The Tragedy

I’m your hero.

I’m just thinking that I should either scream, smile, cry, or be happy or be angry.

I skyped with you today. I have no idea whether it’s a mistake, or it’s a good thing, cause I really don’t know what it is. I don’t know what it is, that you’re trying to tell me, trying to give signals to me, I don’t know what you’re feeling, and how I wish that I really really knew.

Well, at first, we talked about our usual routine, and what happened in the class, and what so ever. And then we talked about something funny, you showed me your Mr Potato, and sure it was cute..

Then, I talked about what happened today, and how one of my band members had to leave, drop out from the university because he had problems with the university’s system. And then, you gave me one of your ‘honest confessions’. You told me that you’re a little jealous when I’m around guys, and you’re pretty much worried when I’m around guys.

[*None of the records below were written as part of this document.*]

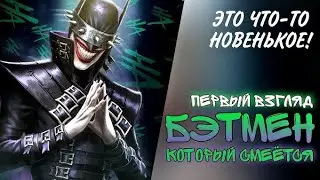 НАКОНЕЦ ТО КОМАНДА МЕТАЛ ПЕРСОНАЖЕЙ INJUSTICE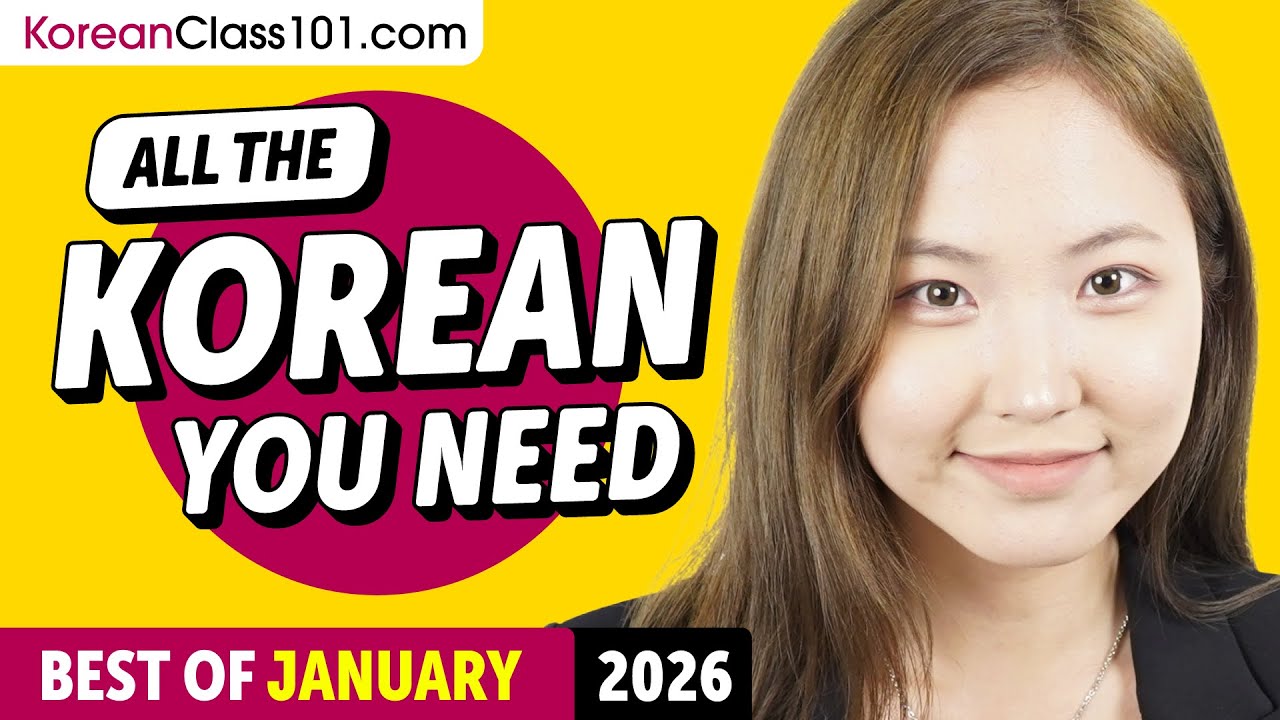 Your Monthly Dose of Korean - Best of January 2026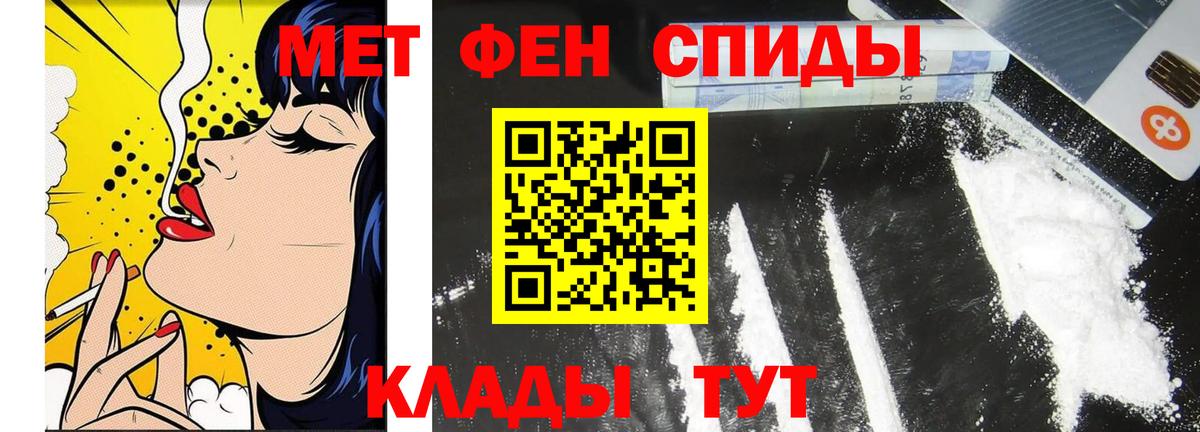 МЕТАМФЕТАМИН  Метамфетамин мет  Вход с VPN  Канск 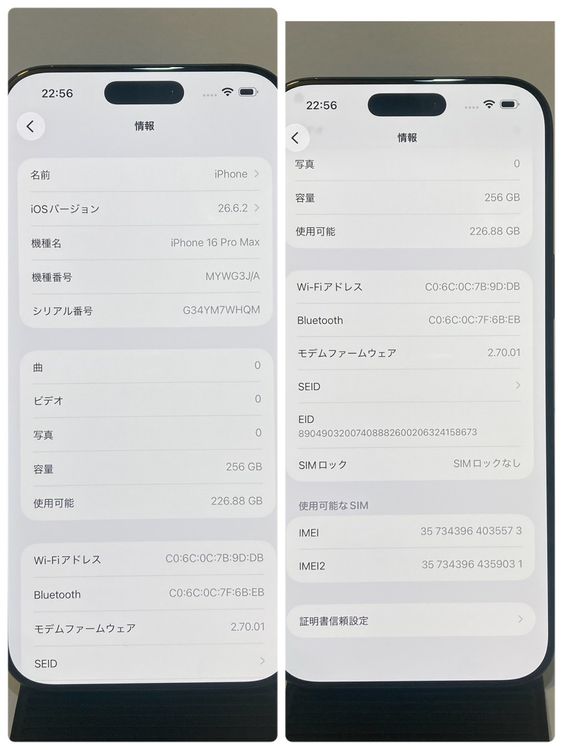 ���ʥե륻�åȡ�����90���iPhone 16ProMax 256GB SIM�ե꡼��¨��ȯ��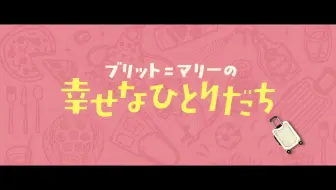 てさぐれ 部活もの 番外編 てさぐれ 旅もの その４ 90秒ダイジェストpv 哔哩哔哩 Bilibili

Seriously, you told me that you’re trying to be protective of me. Especially me. For why? I have no idea. But I’m pretty sure that you’re trying to be a nice friend. But the question is, do you do that to others? To other girls? Am I the only one? I know, the other thing that you’re going to say is that they’re guys and they could do whatever it is to me, and

I’m just thinking about what you said, that made me stopped and think for a while. Do you really have feelings for me then? Because my conscience says you do.